From: JohnF on
Mike Jones <Not(a)arizona.bay> wrote:
> Responding to Ewald Pfau:
>> Mike Jones <Not(a)arizona.bay>:
>>> Responding to Ewald Pfau:
>>
>>>> But quite sure, it won't move a whole tree, selectively, to a
>>>> 'deleted'-destination, which is a third path, additionally to source
>>>> and target.
>>>
>>> Er, Eh?
>>
>> After rsync from source to target -> target-path is a clone of
>> source-path. And -> Anything different, that has been in target-path, is
>> now in 'deleted'-path (so, has been moved selectively.)
>
> Ok, but with "cp --backup=numbered" you get copies of the replaced files
> tagged with numbered suffixes. Whack away as many times as you like, and
> you get just as many numbered backups. Isn't that a /useful/ thing?

Can be very useful. VMS has a similar "version" feature built into the
OS's shell (DCL), so that the complete specification of file name.ext
is actually name.ext;1 or name.ext;2, etc, highest number = most recent.
If you refer to name.ext without an explicit ;version suffix then you
get the most recent (except that deleting demands an explicit version
or name.ext;* to delete them all). Editing name.ext creates a new
version when you write it, as does copying anything to name.ext, etc.

> I'm not seeing or experiencing a problem with "cp -backup=numbered" and
> its an easy enough thing to bulk-delete all *~x~ files when done.

Even better, VMS has a purge command, so purge name.ext keeps the
most recent.
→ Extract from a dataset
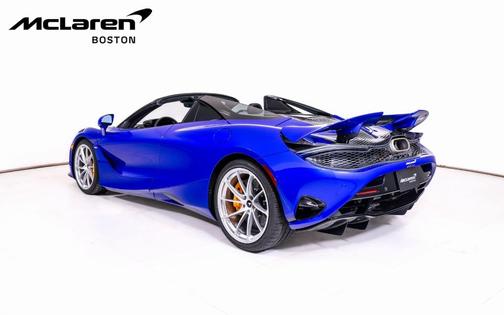 2026 McLaren 750S Base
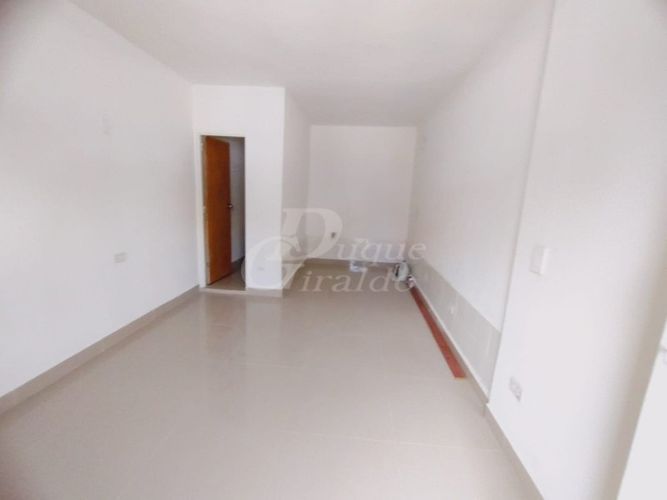 Local en arriendo en Campo Amor, Medellín, 20 m² · foto 2 de 8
And purge/keep=3 name.ext keeps the three most recent.
(There seems to me to be lots of useful VMS command-line stuff that
Unix shells could reasonably easily implement.)
--
John Forkosh ( mailto: j(a)f.com where j=john and f=forkosh )
From: tapp on
I prefer rsync for cloning running systems because of "--exclude" (for /
proc, /sys, /tmp, *.pid, etc) and/or "--one-file-system" (for nested
mounts to be separated on the destination drive).

Also, rsync alphabetically sorts the files before writing. ;-)

--
Arnd
From: Mike Ranque on
Responding to tapp:

> I prefer rsync for cloning running systems because of "--exclude" (for /
> proc, /sys, /tmp, *.pid, etc) and/or "--one-file-system" (for nested
> mounts to be separated on the destination drive).
>
> Also, rsync alphabetically sorts the files before writing. ;-)


cp has a one-file-system flag, and a simple bash script could avoid dirs
you don't want to copy across.

It seems to be a horses-for-courses and personal preferences thing to me.